Caption-style text data:
▼
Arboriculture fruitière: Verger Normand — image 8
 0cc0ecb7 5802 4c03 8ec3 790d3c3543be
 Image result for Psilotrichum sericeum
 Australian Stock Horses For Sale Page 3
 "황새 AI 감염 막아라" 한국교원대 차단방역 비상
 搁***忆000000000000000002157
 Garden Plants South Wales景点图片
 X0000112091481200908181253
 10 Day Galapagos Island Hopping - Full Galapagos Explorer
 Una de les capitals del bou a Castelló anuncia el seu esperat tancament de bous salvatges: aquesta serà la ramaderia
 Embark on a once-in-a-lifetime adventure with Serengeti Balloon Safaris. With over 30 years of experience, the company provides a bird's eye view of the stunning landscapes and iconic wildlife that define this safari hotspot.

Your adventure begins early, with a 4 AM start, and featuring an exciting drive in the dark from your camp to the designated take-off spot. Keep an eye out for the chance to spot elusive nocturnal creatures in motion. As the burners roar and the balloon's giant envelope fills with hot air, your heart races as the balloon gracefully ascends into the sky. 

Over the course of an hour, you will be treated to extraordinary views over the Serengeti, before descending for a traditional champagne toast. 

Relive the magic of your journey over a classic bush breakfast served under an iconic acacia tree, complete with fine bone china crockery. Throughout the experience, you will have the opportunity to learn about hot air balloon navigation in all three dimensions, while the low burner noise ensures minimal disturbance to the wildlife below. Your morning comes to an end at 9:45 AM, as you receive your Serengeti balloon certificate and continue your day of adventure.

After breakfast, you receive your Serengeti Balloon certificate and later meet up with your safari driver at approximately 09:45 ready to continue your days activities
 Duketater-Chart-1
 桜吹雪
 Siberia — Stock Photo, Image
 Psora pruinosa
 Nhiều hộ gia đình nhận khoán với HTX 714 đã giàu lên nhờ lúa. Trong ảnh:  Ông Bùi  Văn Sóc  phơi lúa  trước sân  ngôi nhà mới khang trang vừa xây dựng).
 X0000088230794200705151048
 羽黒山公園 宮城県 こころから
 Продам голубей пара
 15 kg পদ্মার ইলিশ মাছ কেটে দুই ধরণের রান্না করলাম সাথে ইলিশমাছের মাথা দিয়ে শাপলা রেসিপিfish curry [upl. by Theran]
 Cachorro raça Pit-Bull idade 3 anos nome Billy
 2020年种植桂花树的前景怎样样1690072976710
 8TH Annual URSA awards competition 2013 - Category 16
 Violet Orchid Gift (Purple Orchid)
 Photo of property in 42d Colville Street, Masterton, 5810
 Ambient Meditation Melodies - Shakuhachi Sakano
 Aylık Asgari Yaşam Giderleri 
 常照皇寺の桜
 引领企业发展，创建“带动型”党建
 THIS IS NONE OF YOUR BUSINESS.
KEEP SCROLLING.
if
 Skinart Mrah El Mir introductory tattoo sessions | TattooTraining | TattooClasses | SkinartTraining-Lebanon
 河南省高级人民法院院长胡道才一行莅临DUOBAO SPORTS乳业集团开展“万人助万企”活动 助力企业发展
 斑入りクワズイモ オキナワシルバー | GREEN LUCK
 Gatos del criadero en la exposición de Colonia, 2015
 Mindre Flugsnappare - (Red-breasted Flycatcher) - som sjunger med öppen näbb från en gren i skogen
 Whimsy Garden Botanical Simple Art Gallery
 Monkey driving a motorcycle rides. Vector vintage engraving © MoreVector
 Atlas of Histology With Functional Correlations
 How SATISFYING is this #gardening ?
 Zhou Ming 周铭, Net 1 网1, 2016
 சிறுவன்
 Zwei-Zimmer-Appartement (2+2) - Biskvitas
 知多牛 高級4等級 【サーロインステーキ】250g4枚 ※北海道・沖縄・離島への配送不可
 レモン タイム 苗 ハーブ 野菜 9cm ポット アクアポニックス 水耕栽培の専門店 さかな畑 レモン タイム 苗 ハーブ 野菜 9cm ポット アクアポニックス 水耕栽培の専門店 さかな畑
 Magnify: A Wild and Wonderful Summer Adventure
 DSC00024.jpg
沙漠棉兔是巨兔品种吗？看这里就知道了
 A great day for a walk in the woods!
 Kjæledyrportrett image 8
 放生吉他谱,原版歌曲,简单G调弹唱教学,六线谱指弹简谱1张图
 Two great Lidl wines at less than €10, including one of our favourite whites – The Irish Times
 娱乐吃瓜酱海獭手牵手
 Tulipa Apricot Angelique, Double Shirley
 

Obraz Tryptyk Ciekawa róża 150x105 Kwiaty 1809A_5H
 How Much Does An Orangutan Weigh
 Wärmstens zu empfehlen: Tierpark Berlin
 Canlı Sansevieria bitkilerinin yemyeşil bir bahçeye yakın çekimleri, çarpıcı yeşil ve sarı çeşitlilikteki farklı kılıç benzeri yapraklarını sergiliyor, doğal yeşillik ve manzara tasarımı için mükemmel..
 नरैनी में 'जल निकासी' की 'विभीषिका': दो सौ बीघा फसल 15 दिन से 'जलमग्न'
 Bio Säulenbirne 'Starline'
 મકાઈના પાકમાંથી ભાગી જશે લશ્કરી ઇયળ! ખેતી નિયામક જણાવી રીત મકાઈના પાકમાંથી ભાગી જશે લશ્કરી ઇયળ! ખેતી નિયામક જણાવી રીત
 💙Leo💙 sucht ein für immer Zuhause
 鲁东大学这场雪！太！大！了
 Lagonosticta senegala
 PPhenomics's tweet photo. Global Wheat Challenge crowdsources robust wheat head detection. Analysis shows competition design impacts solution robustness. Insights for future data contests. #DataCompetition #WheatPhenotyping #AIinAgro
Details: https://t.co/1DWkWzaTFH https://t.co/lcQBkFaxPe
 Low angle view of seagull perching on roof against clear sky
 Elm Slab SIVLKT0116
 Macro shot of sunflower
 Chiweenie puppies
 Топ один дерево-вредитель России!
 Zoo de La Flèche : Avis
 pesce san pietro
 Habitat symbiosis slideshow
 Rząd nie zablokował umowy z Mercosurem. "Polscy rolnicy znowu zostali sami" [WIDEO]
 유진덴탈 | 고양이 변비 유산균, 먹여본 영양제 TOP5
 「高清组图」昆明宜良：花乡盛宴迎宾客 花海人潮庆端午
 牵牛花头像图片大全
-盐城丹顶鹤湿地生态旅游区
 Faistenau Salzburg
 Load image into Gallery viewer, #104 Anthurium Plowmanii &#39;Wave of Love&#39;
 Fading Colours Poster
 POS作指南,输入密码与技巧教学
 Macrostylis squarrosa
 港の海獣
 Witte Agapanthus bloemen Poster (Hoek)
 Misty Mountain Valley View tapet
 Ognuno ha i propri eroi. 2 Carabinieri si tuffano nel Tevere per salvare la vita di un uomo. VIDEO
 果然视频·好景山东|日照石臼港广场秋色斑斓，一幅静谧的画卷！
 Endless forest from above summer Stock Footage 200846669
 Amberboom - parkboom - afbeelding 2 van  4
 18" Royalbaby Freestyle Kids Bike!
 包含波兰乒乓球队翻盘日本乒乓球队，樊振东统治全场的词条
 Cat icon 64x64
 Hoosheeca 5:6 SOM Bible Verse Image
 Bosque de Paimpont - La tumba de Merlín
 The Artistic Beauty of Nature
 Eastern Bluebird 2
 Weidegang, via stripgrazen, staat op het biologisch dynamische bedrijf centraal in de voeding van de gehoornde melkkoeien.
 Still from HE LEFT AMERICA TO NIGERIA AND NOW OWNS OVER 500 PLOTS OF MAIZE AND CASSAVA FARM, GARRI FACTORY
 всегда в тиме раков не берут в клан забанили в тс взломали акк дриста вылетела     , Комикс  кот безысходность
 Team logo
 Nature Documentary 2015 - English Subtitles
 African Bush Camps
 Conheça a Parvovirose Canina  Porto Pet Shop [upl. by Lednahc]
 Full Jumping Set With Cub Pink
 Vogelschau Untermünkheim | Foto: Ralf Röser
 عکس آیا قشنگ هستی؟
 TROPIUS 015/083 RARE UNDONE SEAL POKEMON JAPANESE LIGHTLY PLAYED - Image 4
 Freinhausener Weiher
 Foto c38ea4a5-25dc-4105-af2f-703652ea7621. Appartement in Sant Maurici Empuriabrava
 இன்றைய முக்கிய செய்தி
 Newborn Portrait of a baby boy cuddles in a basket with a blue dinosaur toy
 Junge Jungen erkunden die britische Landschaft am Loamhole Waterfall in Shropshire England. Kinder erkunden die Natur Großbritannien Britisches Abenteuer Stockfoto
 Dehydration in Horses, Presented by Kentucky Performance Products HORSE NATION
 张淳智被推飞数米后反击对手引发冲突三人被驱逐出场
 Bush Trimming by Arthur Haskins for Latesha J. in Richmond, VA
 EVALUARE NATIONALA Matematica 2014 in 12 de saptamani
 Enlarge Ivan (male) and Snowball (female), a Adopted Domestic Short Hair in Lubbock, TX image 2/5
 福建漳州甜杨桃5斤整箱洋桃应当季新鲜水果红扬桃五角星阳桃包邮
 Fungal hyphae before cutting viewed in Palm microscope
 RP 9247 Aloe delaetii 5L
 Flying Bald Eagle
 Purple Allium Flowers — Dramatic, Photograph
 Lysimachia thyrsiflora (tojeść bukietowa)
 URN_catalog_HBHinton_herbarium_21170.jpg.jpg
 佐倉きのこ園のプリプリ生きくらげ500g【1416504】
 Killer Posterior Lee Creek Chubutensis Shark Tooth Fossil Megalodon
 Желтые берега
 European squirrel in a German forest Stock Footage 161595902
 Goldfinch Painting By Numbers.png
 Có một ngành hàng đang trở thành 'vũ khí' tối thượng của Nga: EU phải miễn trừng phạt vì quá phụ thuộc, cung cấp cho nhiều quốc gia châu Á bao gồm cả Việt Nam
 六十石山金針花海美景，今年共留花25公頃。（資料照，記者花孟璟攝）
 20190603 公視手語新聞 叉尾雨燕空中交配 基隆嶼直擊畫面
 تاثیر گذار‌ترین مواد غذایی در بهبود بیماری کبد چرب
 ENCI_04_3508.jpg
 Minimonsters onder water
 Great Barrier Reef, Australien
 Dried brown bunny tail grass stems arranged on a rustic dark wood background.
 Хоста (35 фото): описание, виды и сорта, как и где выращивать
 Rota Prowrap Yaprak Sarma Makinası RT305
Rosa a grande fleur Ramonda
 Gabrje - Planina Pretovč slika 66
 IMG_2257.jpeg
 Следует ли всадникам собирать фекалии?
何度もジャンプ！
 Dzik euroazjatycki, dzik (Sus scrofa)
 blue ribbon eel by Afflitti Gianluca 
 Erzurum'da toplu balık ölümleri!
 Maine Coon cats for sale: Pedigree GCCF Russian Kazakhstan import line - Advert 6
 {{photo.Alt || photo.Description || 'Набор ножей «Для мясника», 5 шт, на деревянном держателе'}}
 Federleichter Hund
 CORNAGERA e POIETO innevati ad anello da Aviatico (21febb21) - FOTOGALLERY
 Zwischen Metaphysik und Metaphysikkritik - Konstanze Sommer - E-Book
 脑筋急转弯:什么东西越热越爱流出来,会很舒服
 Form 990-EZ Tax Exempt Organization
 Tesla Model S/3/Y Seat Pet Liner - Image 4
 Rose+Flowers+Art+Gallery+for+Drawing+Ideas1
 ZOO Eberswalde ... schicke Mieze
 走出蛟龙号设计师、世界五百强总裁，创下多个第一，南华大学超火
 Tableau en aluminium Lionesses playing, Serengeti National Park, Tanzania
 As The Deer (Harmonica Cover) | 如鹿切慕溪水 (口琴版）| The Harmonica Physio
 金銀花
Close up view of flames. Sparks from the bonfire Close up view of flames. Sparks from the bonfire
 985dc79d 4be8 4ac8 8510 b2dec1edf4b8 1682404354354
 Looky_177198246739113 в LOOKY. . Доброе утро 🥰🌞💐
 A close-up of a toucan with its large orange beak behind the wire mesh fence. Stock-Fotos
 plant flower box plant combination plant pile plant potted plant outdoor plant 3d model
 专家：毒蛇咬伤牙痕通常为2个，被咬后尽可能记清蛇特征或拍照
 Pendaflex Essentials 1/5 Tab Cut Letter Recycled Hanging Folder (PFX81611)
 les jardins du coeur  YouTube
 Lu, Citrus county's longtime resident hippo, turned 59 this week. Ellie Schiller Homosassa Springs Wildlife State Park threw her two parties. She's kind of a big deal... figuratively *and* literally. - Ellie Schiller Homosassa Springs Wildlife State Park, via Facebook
▲
**ASSIGNED TASK:**
Copy exactly the stretch of data above from the line with "POS作指南,输入密码与技巧教学" through the line with "Eastern Bluebird 2", and omit all other lines.

**EXERCISE SOLUTION:**
 POS作指南,输入密码与技巧教学
 Macrostylis squarrosa
 港の海獣
 Witte Agapanthus bloemen Poster (Hoek)
 Misty Mountain Valley View tapet
 Ognuno ha i propri eroi. 2 Carabinieri si tuffano nel Tevere per salvare la vita di un uomo. VIDEO
 果然视频·好景山东|日照石臼港广场秋色斑斓，一幅静谧的画卷！
 Endless forest from above summer Stock Footage 200846669
 Amberboom - parkboom - afbeelding 2 van  4
 18" Royalbaby Freestyle Kids Bike!
 包含波兰乒乓球队翻盘日本乒乓球队，樊振东统治全场的词条
 Cat icon 64x64
 Hoosheeca 5:6 SOM Bible Verse Image
 Bosque de Paimpont - La tumba de Merlín
 The Artistic Beauty of Nature
 Eastern Bluebird 2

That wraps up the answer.